**Exercise directions**
The records that follow are to be given again exactly, with their pictures omitted.

- - - - - - -

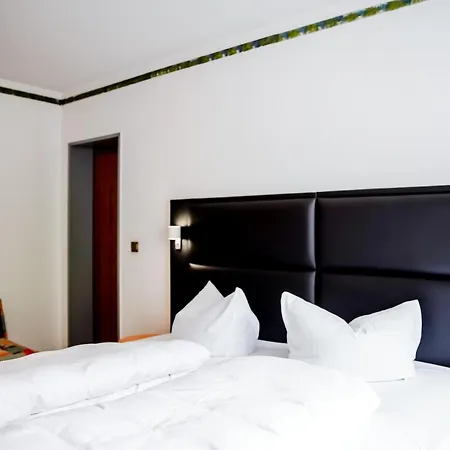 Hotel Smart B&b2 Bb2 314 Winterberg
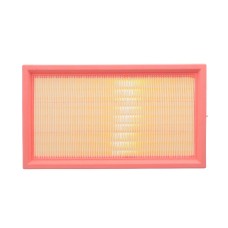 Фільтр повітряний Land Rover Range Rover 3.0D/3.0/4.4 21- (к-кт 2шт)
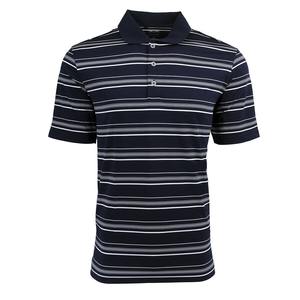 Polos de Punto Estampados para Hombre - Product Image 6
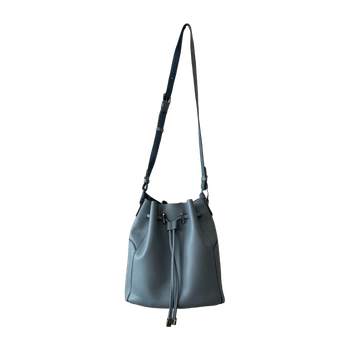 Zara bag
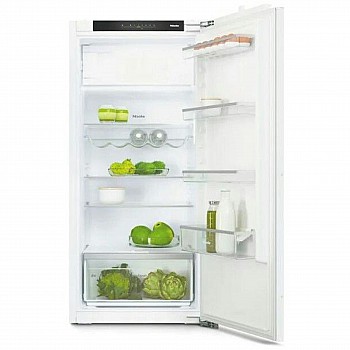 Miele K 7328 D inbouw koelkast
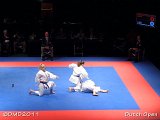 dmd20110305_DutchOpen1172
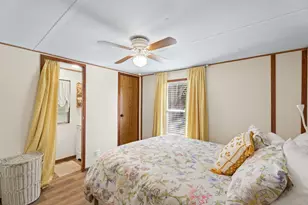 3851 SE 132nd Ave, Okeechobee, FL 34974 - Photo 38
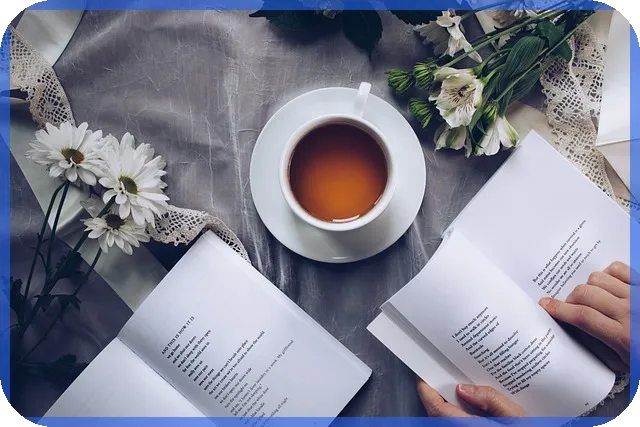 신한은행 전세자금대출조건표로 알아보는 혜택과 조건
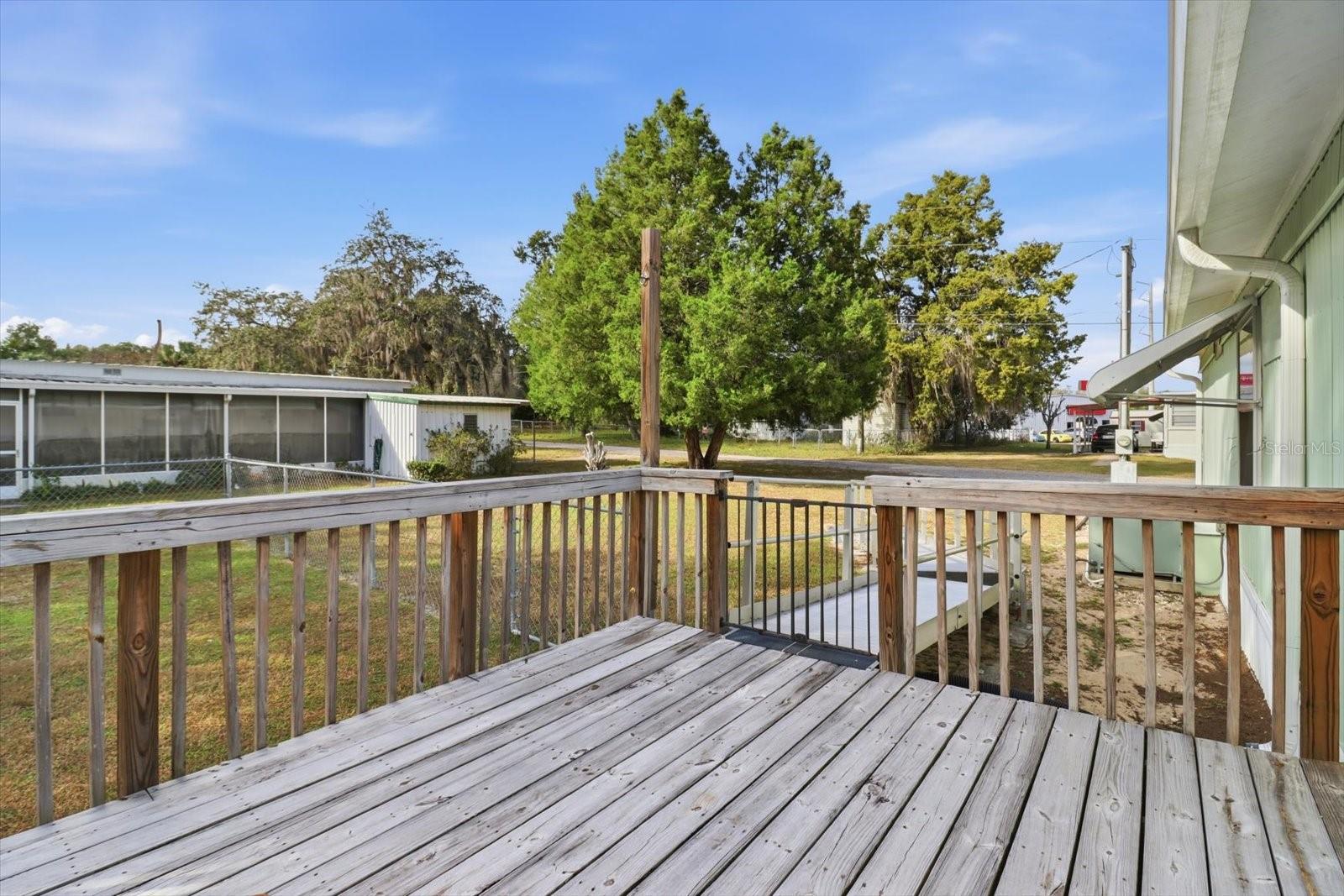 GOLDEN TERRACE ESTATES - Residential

- - - - - - -

**Exercise answer**
 Hotel Smart B&b2 Bb2 314 Winterberg
 Фільтр повітряний Land Rover Range Rover 3.0D/3.0/4.4 21- (к-кт 2шт)
 Polos de Punto Estampados para Hombre - Product Image 6
 Zara bag
 Miele K 7328 D inbouw koelkast
 dmd20110305_DutchOpen1172
 3851 SE 132nd Ave, Okeechobee, FL 34974 - Photo 38
 신한은행 전세자금대출조건표로 알아보는 혜택과 조건
 GOLDEN TERRACE ESTATES - Residential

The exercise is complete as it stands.